- Born: Richard Graham Michael Morris 27 June 1948 (age 78)
- Education: Trinity Hall, Cambridge (BA); University of Sussex (D.Phil.);
- Known for: Morris water navigation task
- Awards: 2016 Brain Prize
- Fields: Neuroscience
- Workplaces: University of Edinburgh

= Richard G. Morris =

British neuroscientist

Richard Graham Michael Morris, (born 27 June 1948), is a British neuroscientist. He is known for developing the Morris water navigation task, for proposing the concept of synaptic tagging (along with Julietta U. Frey (formerly published under Uwe Frey), and for his work on the function of the hippocampus.

He is the director of the Centre for Cognitive and Neural Systems (Edinburgh) and the Wolfson Professor of Neuroscience at the University of Edinburgh. Since 1994 he has been a fellow of the Royal Society of Edinburgh and since 1997, he has been a fellow of the Royal Society. Morris was appointed a Commander of the Order of the British Empire in 2007.

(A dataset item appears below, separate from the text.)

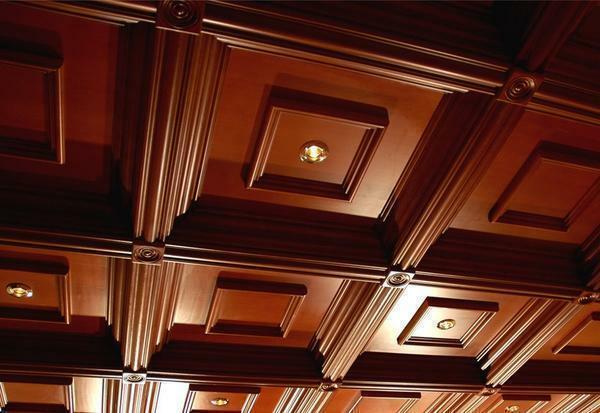 The ceiling in a wooden house can be finished with panels made of solid wood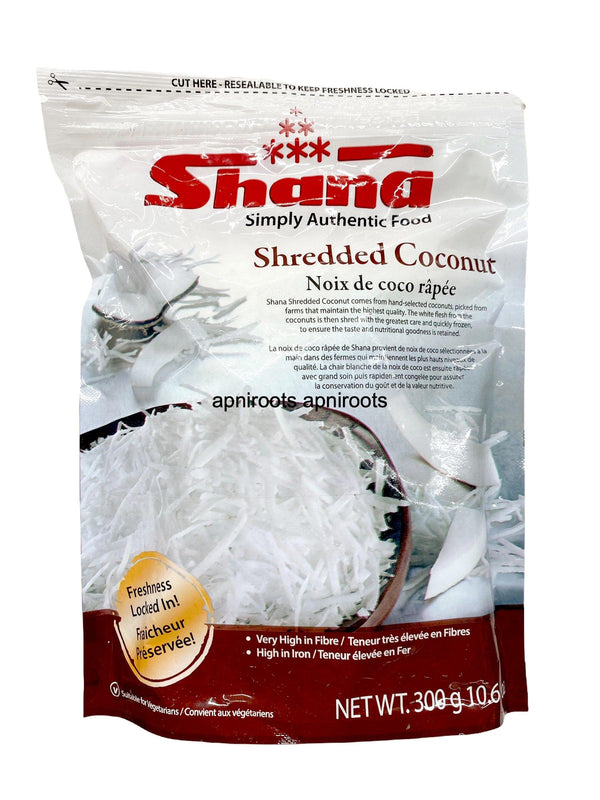 SHANA COCONUT SHREDDED 300GM - apniroots Grocery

Morris, together with Tim Bliss (Francis Crick Institute) and Graham Collingridge (University of Bristol) were named as winners of the 2016 Brain Prize for their discoveries about the way synaptic connections in the hippocampus are strengthened by stimulation. The process, known as long-term potentiation (LTP), forms the basis of the ability to learn and to remember.

He was elected Member of the National Academy of Sciences in April 2020.

==Education==
Morris received his BA in natural science from Trinity Hall, Cambridge and D.Phil. from the University of Sussex in 1973. He was a lecturer at the University of St Andrews from 1977 to 1986 where he developed the Morris water navigation task. He moved to the University of Edinburgh in 1986.